TASK GOAL - Go to the line containing "Лонгслив хлопковый детский" in the records below and print it and every following line exactly, on through the line containing "Moscot Zolman Black", then stop.

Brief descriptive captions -
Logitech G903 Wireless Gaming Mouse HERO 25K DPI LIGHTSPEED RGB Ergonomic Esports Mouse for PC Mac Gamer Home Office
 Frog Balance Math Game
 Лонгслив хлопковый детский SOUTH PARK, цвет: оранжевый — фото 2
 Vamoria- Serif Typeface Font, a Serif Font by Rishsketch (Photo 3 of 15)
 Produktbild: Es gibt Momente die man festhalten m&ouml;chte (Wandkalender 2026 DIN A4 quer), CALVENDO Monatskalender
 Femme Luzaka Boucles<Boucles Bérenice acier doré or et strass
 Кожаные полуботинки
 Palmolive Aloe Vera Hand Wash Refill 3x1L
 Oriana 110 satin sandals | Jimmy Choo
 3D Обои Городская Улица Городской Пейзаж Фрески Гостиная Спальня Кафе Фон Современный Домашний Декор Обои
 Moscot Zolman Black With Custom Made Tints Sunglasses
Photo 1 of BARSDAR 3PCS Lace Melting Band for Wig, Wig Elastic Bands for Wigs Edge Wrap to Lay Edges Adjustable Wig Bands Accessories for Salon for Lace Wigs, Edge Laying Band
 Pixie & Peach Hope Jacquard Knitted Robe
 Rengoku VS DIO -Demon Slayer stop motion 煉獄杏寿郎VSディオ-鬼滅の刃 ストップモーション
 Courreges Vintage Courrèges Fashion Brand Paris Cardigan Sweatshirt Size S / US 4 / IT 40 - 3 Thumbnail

RESPONSE TO THIS EXERCISE -
 Лонгслив хлопковый детский SOUTH PARK, цвет: оранжевый — фото 2
 Vamoria- Serif Typeface Font, a Serif Font by Rishsketch (Photo 3 of 15)
 Produktbild: Es gibt Momente die man festhalten m&ouml;chte (Wandkalender 2026 DIN A4 quer), CALVENDO Monatskalender
 Femme Luzaka Boucles<Boucles Bérenice acier doré or et strass
 Кожаные полуботинки
 Palmolive Aloe Vera Hand Wash Refill 3x1L
 Oriana 110 satin sandals | Jimmy Choo
 3D Обои Городская Улица Городской Пейзаж Фрески Гостиная Спальня Кафе Фон Современный Домашний Декор Обои
 Moscot Zolman Black With Custom Made Tints Sunglasses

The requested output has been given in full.